🔗Class Inheritance: A2C > PPO

REINFORCE → ActorCritic → PPO

Proximal Policy Optimization (PPO) (Schulman et al., 2017) demonstrates SLM Lab's taxonomy-based inheritance. While PPO appears complex as a standalone algorithm, it differs from Actor-Critic in only a few key ways:

1. Clipped surrogate objective for policy updates

2. Minibatch training over multiple epochs

3. Old network for computing probability ratios

Code Comparison

The PPO class inherits from ActorCritic and overrides only what's different:

class PPO(ActorCritic):
    '''PPO is ActorCritic with a clipped surrogate objective'''

    def init_algorithm_params(self):
        # Calls parent, then adds PPO-specific params
        util.set_attr(self, dict(
            minibatch_size=4,
            clip_eps_spec=None,
            normalize_v_targets=False,
            clip_vloss=False,
        ))
        # ... set from spec ...
        self.clip_eps_scheduler = policy_util.VarScheduler(self.clip_eps_spec)

    def init_nets(self, global_nets=None):
        super().init_nets(global_nets)
        # PPO needs old_net for ratio computation
        self.old_net = deepcopy(self.net)

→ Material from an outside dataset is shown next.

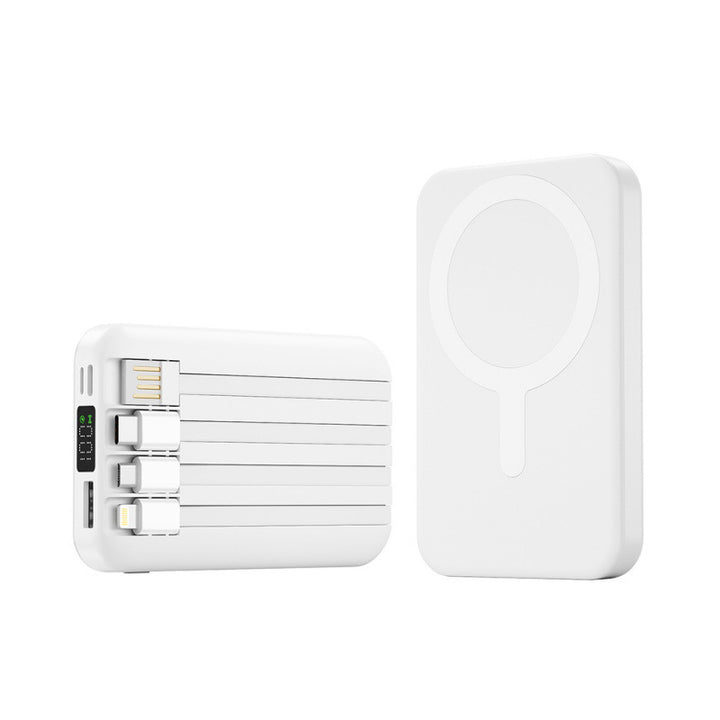 Bærbar powerbank med integrert kabelhøyttaler og hurtiglading Skanto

    def calc_policy_loss(self, batch, pdparams, advs):
        # The PPO clipped surrogate objective
        ratios = exp(log_probs - old_log_probs)
        sur_1 = ratios * advs
        sur_2 = clamp(ratios, 1-eps, 1+eps) * advs
        clip_loss = -min(sur_1, sur_2).mean()
        return clip_loss + entropy_penalty

    def train(self):
        # Minibatch training over multiple epochs
        self.old_net = copy(self.net)
        for epoch in range(training_epoch):
            for minibatch in split(batch, minibatch_size):
                # ... training step ...

Inheritance Benefits

Benefit	How PPO Demonstrates It
Code reuse	calc_v(), calc_advs_v_targets(), network initialization all inherited
Fewer bugs	Only ~280 lines to review vs thousands for a standalone implementation
Fair comparison	Differences between A2C and PPO are exactly the overridden methods
Easy extension	Adding PPO variants (e.g., with different clipping) requires minimal code

Method Override Summary

Method	ActorCritic	PPO Override
init_algorithm_params	Sets gamma, lam, entropy_coef	Adds clip_eps, minibatch_size, time_horizon
init_nets	Creates actor/critic networks	Adds old_net copy
calc_policy_loss	Policy gradient with entropy	Clipped surrogate objective
calc_val_loss	MSE loss	Optional CleanRL-style clipping
train	Single gradient step	Multi-epoch minibatch training

Full Class Hierarchy

Algorithm (base class)
 ├── SARSA
 │    └── VanillaDQN → DQNBase → DQN → DoubleDQN
 └── Reinforce
      └── ActorCritic (A2C with GAE/n-step)
           ├── PPO (adds clipped objective)
           └── SoftActorCritic (adds entropy regularization)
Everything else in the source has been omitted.